The reply should contain the full listing exactly as written and no pictures at all.

### THE DATA
= Beginning of Section =
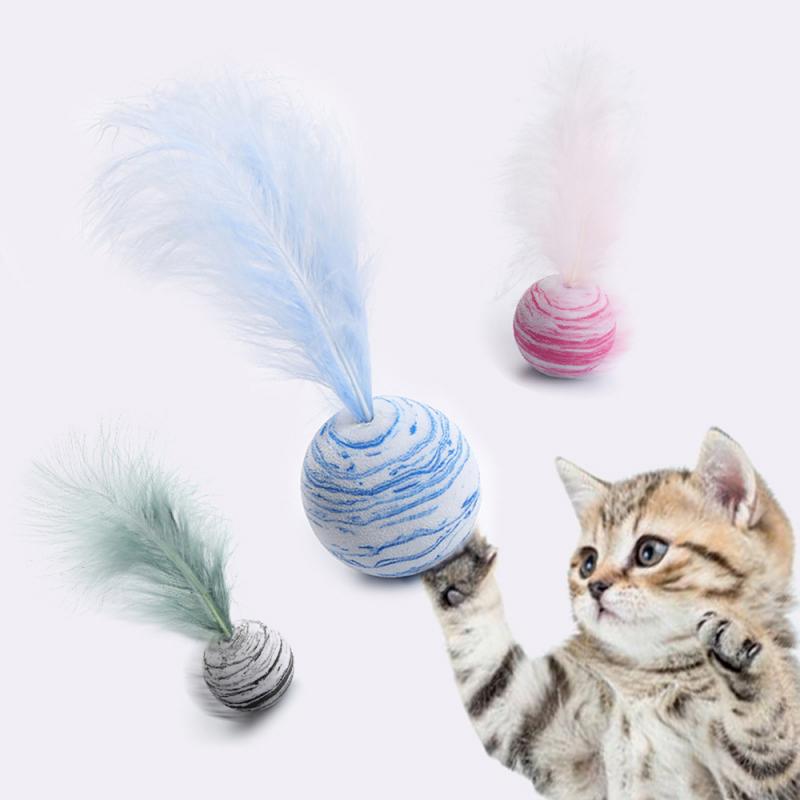 Cat toy Ball Feather Funny Cat Toy Star Ball Plus Feather Ball Throwing Toys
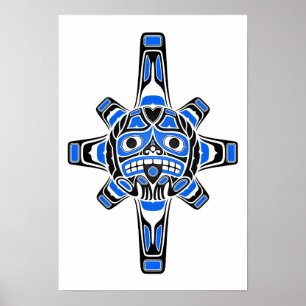 Blått- och svartHaidasolen maskerar på vit Poster
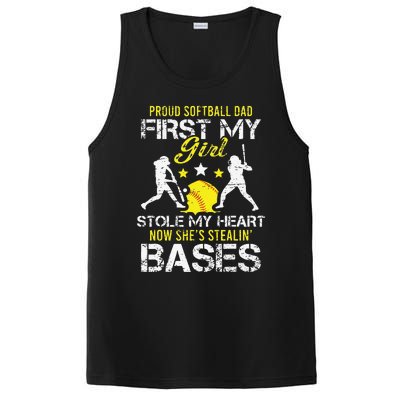 Proud Softball Dad Father Day Coach Sport PosiCharge Competitor Tank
= End of Section =
### SOLUTION TO THE PROBLEM
 Cat toy Ball Feather Funny Cat Toy Star Ball Plus Feather Ball Throwing Toys
 Blått- och svartHaidasolen maskerar på vit Poster
 Proud Softball Dad Father Day Coach Sport PosiCharge Competitor Tank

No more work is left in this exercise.